Why is this "dysfunctional"? I assume Krugman would praise the
filibuster if a President Palin and Republican Congress were ramming
bills through. Regardless of what senators in the 19th century had in
mind, the filibuster is a wonderful antidote to the tyranny of the
majority. It's no argument against it to say that the statists' favorite
piece of legislation didn't fly through smoothly enough. They'll have to
come up with a better case than that.
There is no greater threat to individual freedom and autonomy than
government. The threat from private freelance crime is small potatoes
compared to the daily usurpations of the state, with its taxation,
regulation, privilege-granting, inflation and war. Pierre-Joseph
Proudhon's immortal passage has never been topped:
"To be governed is to be watched, inspected, spied upon, directed,
law-driven, numbered, regulated, enrolled, indoctrinated, preached at,
controlled, checked, estimated, valued, censured, commanded, by
creatures who have neither the right nor the wisdom nor the virtue to do
so. To be governed is to be at every operation, at every transaction
noted, registered, counted, taxed, stamped, measured, numbered,
assessed, licensed, authorized, admonished, prevented, forbidden,
reformed, corrected, punished. It is, under pretext of public utility,
and in the name of the general interest, to be place(d) under
contribution, drilled, fleeced, exploited, monopolized, extorted from,
squeezed, hoaxed, robbed; then, at the slightest resistance, the first
word of complaint, to be repressed, fined, vilified, harassed, hunted
down, abused, clubbed, disarmed, bound, choked, imprisoned, judged,
condemned, shot, deported, sacrificed, sold, betrayed; and to crown all,
mocked, ridiculed, derided, outraged, dishonored."

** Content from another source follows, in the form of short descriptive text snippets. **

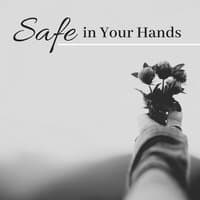 Safe in Your Hands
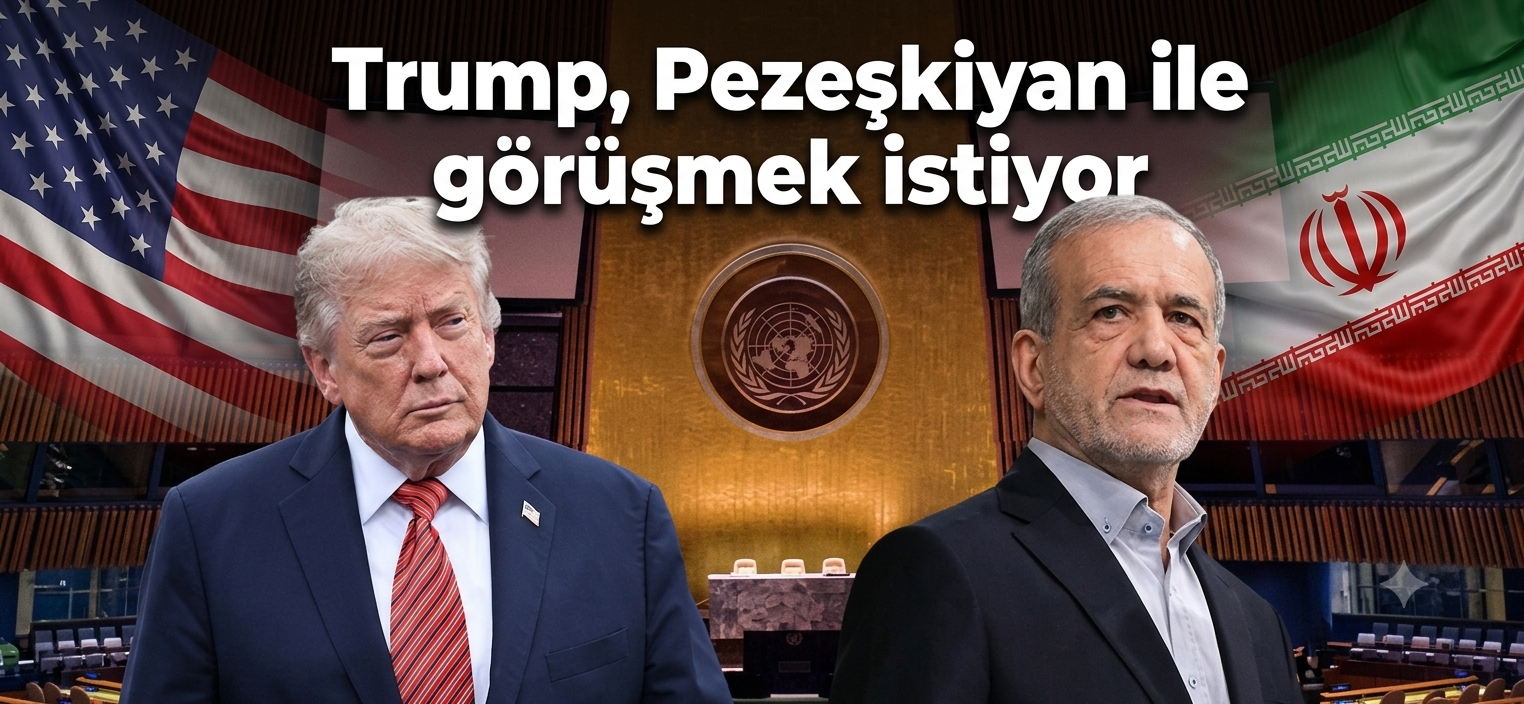 Trump İran lideri Pezeşkiyan’a görüşme teklifi etti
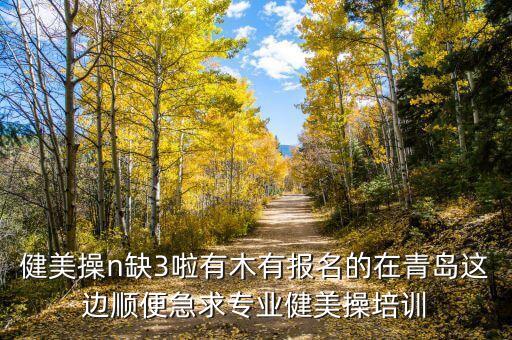 健美操n缺3啦有木有报名的在青岛这边顺便急求专业健美操培训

That just about covers it.
So I favor any procedural methods that can slow down government's
legislative juggernaut. During the health care debate, commentators
often referred to the lawmaking process as sausage-making, a reference
to this quote, usually misattributed to Otto von Bismarck but spoken by
poet John Godfrey Saxe: "Laws, like sausages, cease to inspire respect
in proportion as we know how they are made."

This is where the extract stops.